Right now we’re getting one representative for each state, and usually that one individual is working with the other people in other counties.  They’re leaders.  We look for a leader in every county.  As soon you get one or two or three leaders in certain counties within any state, you tell them to look for someone who is going to take the state leadership.  A lot of states are starting to step up and develop their own state leadership.  Once we know who that state leader is, we’re then giving them access to the website.  So we’ll have 50 people who will represent other people.  In the case of New York, for instance, one person is representing 62 other leaders who are really organizers, and ultimately, four times that, because there are four in every county. So those four in every county, and in New York it’s 62 counties, so it’s 250 people who say, “OK, you’re the state leader or organizer, do what you have to do, share it with others; make sure the communications are going; make sure that the website stays pure, that it’s not controlled by an individual, and all 50 states will eventually have one person.  We’re working on that now.
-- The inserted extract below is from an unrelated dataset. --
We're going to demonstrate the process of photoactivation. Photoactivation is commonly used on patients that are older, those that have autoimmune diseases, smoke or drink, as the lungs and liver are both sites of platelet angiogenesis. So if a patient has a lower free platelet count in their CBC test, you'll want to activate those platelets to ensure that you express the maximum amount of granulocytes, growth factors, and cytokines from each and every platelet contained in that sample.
It’s all about the principles of justice, and bringing people to decide things for people and people really taking control of their government.  “We the People…ordained and established this Constitution for the United States of America.”  The legislators are under the Constitution; the people are above the Constitution; legislators do not legislate our behavior.  That’s what people miss.  Once they have their Helen Keller moment with that, then we have liberty.
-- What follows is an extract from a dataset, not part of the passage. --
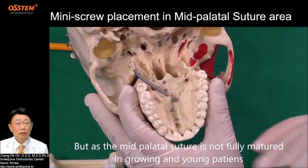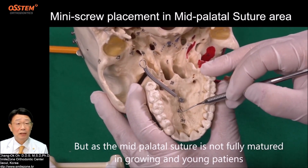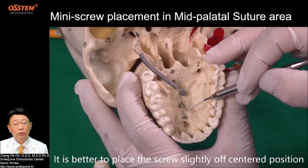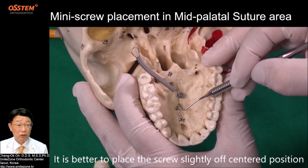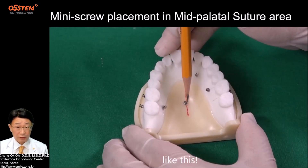But as the mid-palatal suture is not fully matured in growing and young patients, it is better to place the screw slightly off-centered rather than at the center or mid-palatal suture.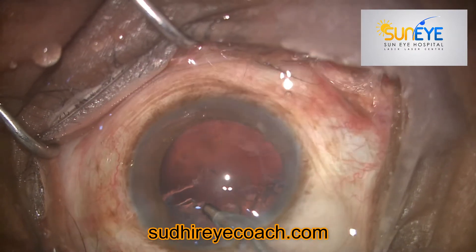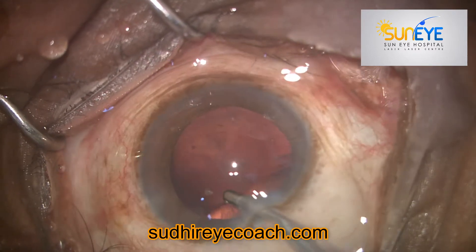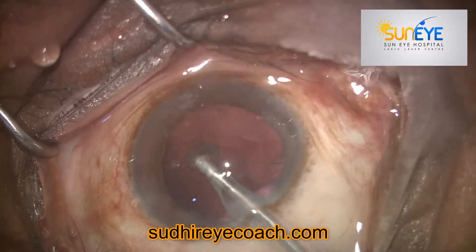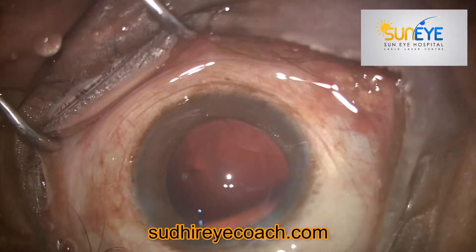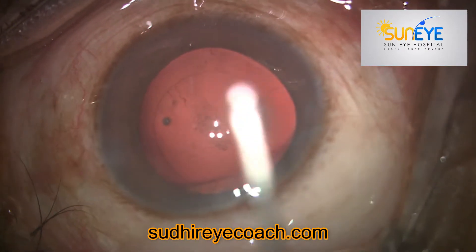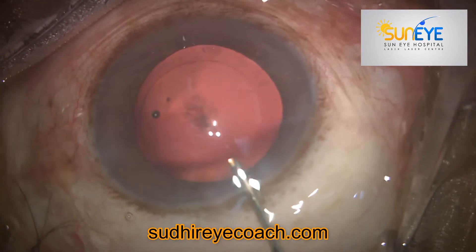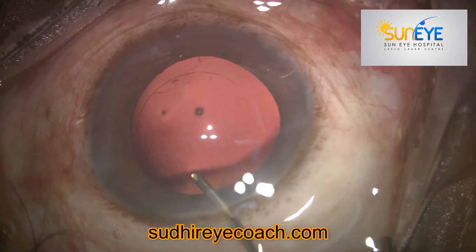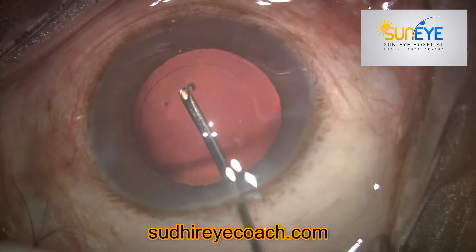Today I'll be showing a very simple technique that I have been using for almost a decade without any complications. In this case, you can see there is a plaque present on the posterior capsule. With the help of a fluid flush — by directing fluid parallel to the posterior capsule — you can flush out any loose plaque, fibers, and cells.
Liberty is a gift from the Creator; that’s called “natural law.”  He sets it out in the first five books of the Bible, in Exodus, Deuteronomy and Leviticus.  If a man robs an ox and gets caught, he must pay it back with seven oxes.  That’s a biblical principle.  There’s a penalty for breaking the law.  To try to put the guy in jail when he owes an ox… That’s what common law is about.  It’s not about punishment; it’s about remedy.

Common law is all about reinstating people into society, to bring them back in and make them whole.  I know people who have done things in their childhood who are in their 60s and 70s who can’t who can’t get a weapon because of something they did decades ago.  They shouldn’t even have to ask anyone permission for a weapon.  In the Old West, if you did go to jail, when you got out, you’d get your weapons back.

I studied the common law to look for its roots, and common law goes right to the Bible.  Justinian law, which is what we’re pretty-much under, which I call civil law, traces right to Babylonia.  It’s very interesting to see the battle in history of common law against civil law and its climax in England between 300 AD and until America came to be.  That’s when the real battle took place.  If you go look at that and study it, it’s just amazing.  It was the church that was bringing in the Justinian law.  You would think it would come from a different source, but it actually came from the church, which is revealing in and of itself.